In the 10 years since the creation of the Biologics Price Competition and Innovation Act of 2009 which created a regulatory pathway for biosimilars, only 20 have been approved and seven have been marketing in the U.S.
Kevin attributed this slow development in part to companies’ initial wariness of proceeding down the biosimilar pathway due to the amount of uncertainty associated with the process. However, he is optimistic. Because of more guidance on the technical front, a better understanding of the considerations related to biosimilar litigation, and higher acceptance in the marketplace, biosimilar application approvals have been rising.
In May 2019, the Federal Drug Association published new guidance on the regulatory pathway for biosimilars to be substituted for branded biologics without the involvement of a prescribing physician, or interchangeability.
Kevin said that without interchangeability, “biosimilar manufacturers are forced to compete with established products, which can add costs that are borne ultimately by the consumers.”

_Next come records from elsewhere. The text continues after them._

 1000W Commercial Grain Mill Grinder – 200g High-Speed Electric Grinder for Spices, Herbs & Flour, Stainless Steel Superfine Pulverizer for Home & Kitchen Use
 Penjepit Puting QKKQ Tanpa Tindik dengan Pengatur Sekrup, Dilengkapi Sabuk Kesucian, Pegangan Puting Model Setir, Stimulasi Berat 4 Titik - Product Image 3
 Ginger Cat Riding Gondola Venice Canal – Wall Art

However, since there are no approved interchangeable biosimilar products on the market, “patients will not receive an approved biosimilar if they are currently on therapy,” he said. “There is no mandatory substitution at the pharmacy level as there is with small molecule products.”

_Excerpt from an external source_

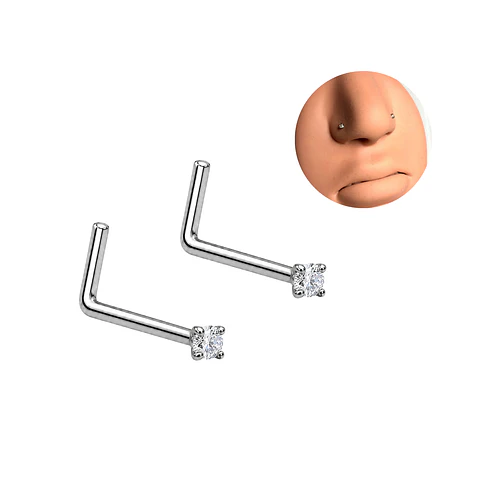 Pack 2 Piercings tipo L 2mm doble nostril simétrico titanio ASTM F136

Kevin has advocated for investigating a statutory change that requires treatment-naïve patients—those that have never received the particular biologic product in any form—to receive an approved biosimilar or the lowest-cost option of the prescribed product.
Another challenge to biosimilars more readily entering the marketplace is their system of repayment. Kevin said that the complex reimbursement process for biologics and biosimilars “often disincentivizes the prescribing and use of biosimilars.”
“Biosimilars certainly have not achieved the tiered formulary status that is seen by generic drugs in the small molecule space. Due to the pricing and reimbursement system, a provider is sometimes reimbursed at a lower rate for using a biosimilar than for using the reference biologic—a disincentive to prescribing a biosimilar,” he said.
Kevin added, “In the private sector, payers will reimburse based on a percent mark-up of the ASP of the drug that is actually administered. Because the ASP for a biosimilar is lower than that of the reference product, purchasers would prefer to use the more expensive reference biologic for which they could make more money on the mark-up.”